In the first year of the official rebuild of the Flames, after the 2013 trades of former captain Jarome Iginla and defenseman Jay Boumeester, Hartley’s squad currently finds themselves placed 13th out of the 14 team Western Conference. Yet the Flames, by all accounts, have exceeded expectations this year. In a coaching anomaly, Hartley has had heaps of praise directed his way despite his team being near the bottom of the pack.
The Flames were expected to be the worst team in the NHL this season. Actually, they were expected to be the worst team in the NHL by quite a distance this season. Add to the fact the team has been ravaged by injuries with significant periods of time being spent on the sidelines by captain Mark Giordano, Sean Monahan, Michael Cammalleri, Jiri Hudler, Curtis Glencross and the list can go on. If any team could get a pass for mailing it in this season, it is this one. This is exactly why Hartley should be back — they’ve competed.

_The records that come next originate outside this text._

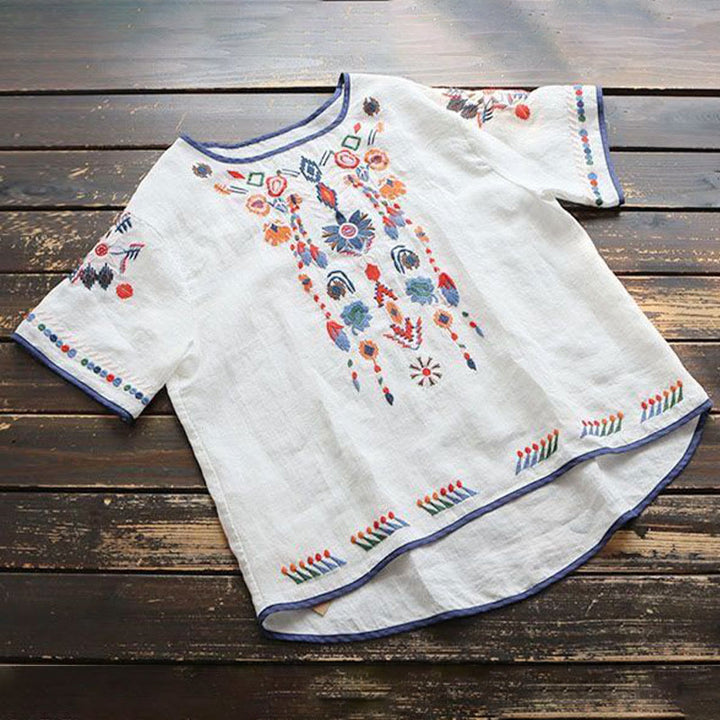 Buddha Stones Retro Artystyczny Haft Kwiatowy Wzór Okrągły Dekolt Damska Bawełniana Lniana Krótki Rękaw T-shirt - image 2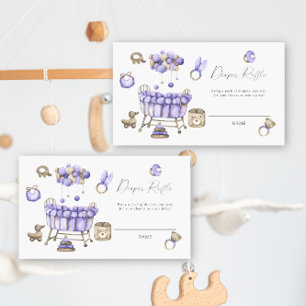 Nursery baby shower gender neutral diaper raffle enclosure card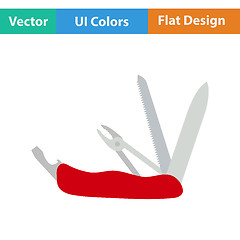 Image showing Flat design icon of folding penknife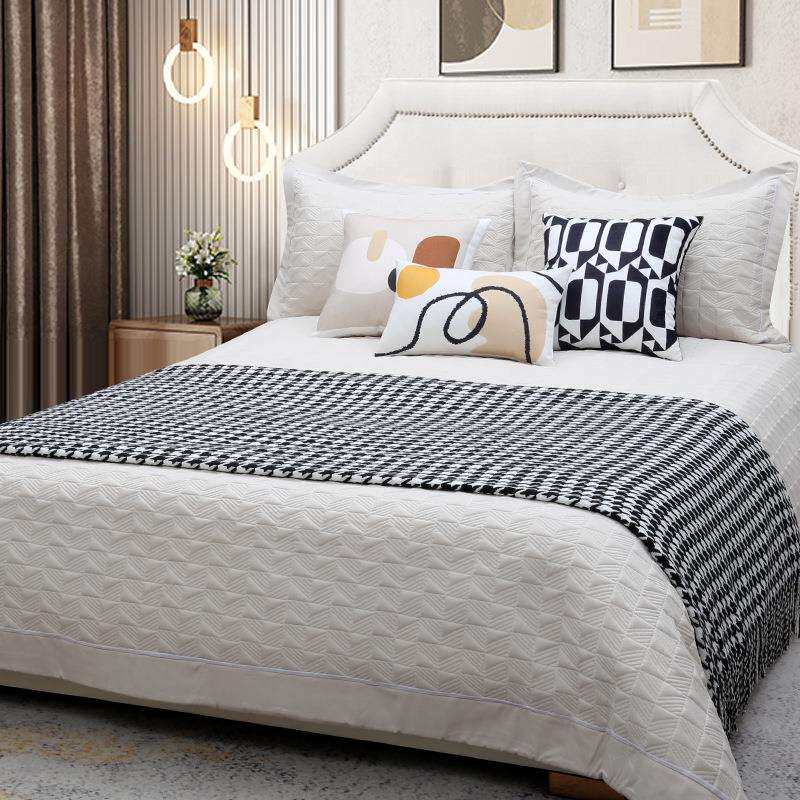 样板间男孩儿童房床品多件套绿色系轻奢简约别墅摆场软装设计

Hartley has done a tremendous job at maximizing the talent he has been allotted to coach. Despite being hired by Jay Feaster, the previous general manager, Hartley and Brian Burke, the current president of hockey operations and acting general manager, appear to be on the same page as far as what needs to be done to ensure things are on the right track in Calgary. That in itself is a big victory for Hartley as most executives in Burke’s position like to bring in ”their guy”. Hartley was Feaster’s guy, but he is now Burke’s guy.
Hartley’s current contract, set to run through the 2014-15 season, is ideal for Flames management as well. It is widely known that you can get the most out of people as they seek to earn their next contract/pay day. Sure, it would be nice for Hartley if the Flames management rewarded him by adding another year to his current contract so he could have a little job security. Would it be the most productive thing to do in this situation, though? No.
However, there is something that can be done that would be beneficial to both the Flames’ players and coach; announce that Hartley will be back next season. Clearly, the players respond to his counsel and respect his voice. In a rare coaching feat, especially in this day and age of the pampered athlete, Hartley has a young team where no outward signs of disrespect or unrest are expressed to the public by his players; there is no drama following a certain player that the media can chide at.
Coach Hartley absolutely deserves the backing of Flames management, and in a timely manner, heading into the 2014-15 season.